JBLのウーファー2231に採用されたマスコントロールリングは、
JBLがいうとおりの効果が得られるのであれば、どこかに実測データはないのか、とさがしていたら、
JBLではないけれどオンキョーが発表していたデータが見つかった。

オンキョーは1977年9月にセプター・システムスピーカーを発表した。
セプター・スピーカーシステムではなく、システムスピーカーと名づけられたこのシリーズは、
ウーファー3機種、ドライバー3機種、ホーン4機種、トゥイーター1機種、
この他にも音響連美、ネットワーク、エンクロージュアからなる。

このウーファーにも、JBLと同じようにマスコントロールリングが装着されている。
オンキョーではウェイトリングと呼んでいた。

このとき発表されたデータに、
ウェイトリングなし、ウェイトリング30g、ウェイトリング60gの、
周波数特性、インピーダンス特性がある。

ウェイトリングを装着することでなしの状態よりも、当然のことだがf0はわずかに左にずれる。つまり低くなる。
さらにインピータンスの上昇も、なしの状態よりも60g装着時には2/3ほどに抑えられている。

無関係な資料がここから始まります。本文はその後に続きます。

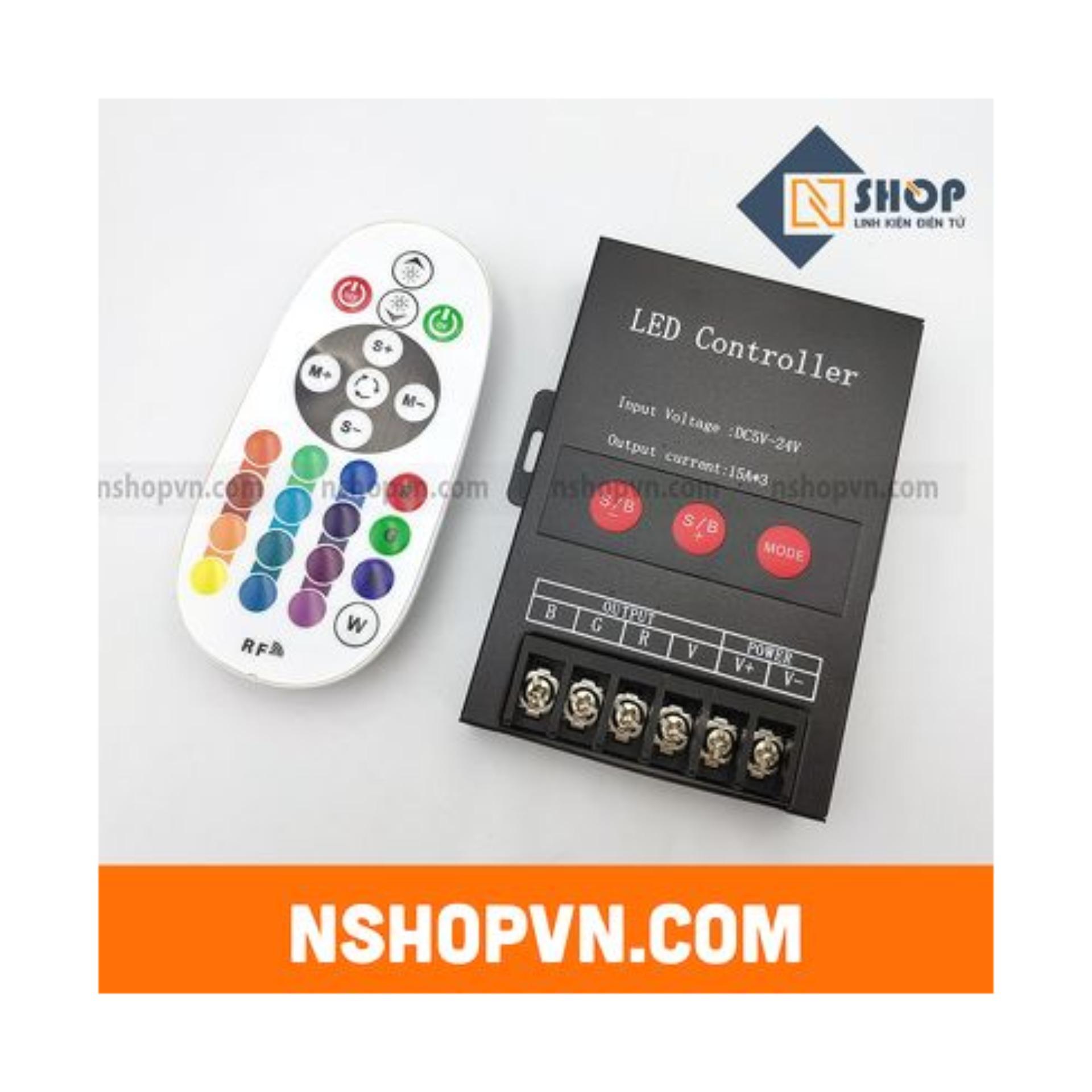 Bộ điều khiển LED RGB 5-24VDC 45A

周波数特性は、意外にもいうべきか500Hz以上ではほとんど変化がない。
それから50Hzの肩特性も低い方に移行する。ただし減衰カーヴは一致している。
グラフをみると150Hzから300Hzのあいだでウェイトリングによる特性の変化幅が大きい。

ウェイトリングが重量が増すと、この帯域のレスポンスは低下している。
JBLによれば、マスコントロールリングにより、
低域の下限周波数の拡張だけでなく、堅くて軽いコーン紙を使うことで中低域のレスポンスも向上する、とある。
この辺は、オンキョーの特性結果と異るところでもある。

オンキョーの発表した特性では中低域のレスポンスは低下している。
ただしJBLのそれは、アクアプラスと比較してのことだとすれば、そうなのだろう。

とにかくマスコントロールリング(ウェイトリング)を装着しても中高域は変化しないことがわかった。
そしてオンキョーも発表しているようにボイスコイルボビンとコーン紙の結合がよりしっかりするために、
コーン紙の釣り鐘振動といわれる変形が抑えられているのが、
ウェイトリングなし/ありのストロボ写真ではっきりと確認できる。

この釣り鐘振動は中低域の音の濁りの原因ともいわれているから、
JBLのいう中低域のレスポンスの向上は、このことも含まれているのかもしれない。